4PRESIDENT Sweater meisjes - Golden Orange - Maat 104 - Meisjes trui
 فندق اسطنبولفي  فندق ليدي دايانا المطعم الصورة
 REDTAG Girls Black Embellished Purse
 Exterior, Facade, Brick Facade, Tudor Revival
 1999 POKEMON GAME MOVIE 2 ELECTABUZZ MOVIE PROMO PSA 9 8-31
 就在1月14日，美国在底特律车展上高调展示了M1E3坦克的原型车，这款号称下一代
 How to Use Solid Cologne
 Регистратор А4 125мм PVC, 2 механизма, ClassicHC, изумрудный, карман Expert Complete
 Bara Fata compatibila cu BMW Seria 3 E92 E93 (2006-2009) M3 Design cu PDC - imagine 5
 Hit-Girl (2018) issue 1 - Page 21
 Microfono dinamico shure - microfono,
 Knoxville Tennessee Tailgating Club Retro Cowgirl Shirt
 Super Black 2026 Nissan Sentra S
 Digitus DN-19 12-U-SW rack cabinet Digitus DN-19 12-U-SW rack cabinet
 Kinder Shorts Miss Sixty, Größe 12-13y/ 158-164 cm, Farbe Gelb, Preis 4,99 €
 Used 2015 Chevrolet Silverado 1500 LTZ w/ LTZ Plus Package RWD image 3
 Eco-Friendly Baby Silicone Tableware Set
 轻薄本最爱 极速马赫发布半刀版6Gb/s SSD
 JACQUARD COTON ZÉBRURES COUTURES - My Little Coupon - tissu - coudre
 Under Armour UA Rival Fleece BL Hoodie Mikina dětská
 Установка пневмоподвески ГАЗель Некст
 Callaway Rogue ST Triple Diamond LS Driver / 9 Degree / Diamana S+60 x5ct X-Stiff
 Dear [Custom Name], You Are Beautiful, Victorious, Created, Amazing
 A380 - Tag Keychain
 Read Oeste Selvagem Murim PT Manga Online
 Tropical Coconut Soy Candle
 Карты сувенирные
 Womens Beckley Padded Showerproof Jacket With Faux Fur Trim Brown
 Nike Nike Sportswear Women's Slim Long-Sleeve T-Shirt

--- The task ---
Review the material and copy each line in which the word "Black" appears.

--- Output of the task ---
 REDTAG Girls Black Embellished Purse
 Super Black 2026 Nissan Sentra S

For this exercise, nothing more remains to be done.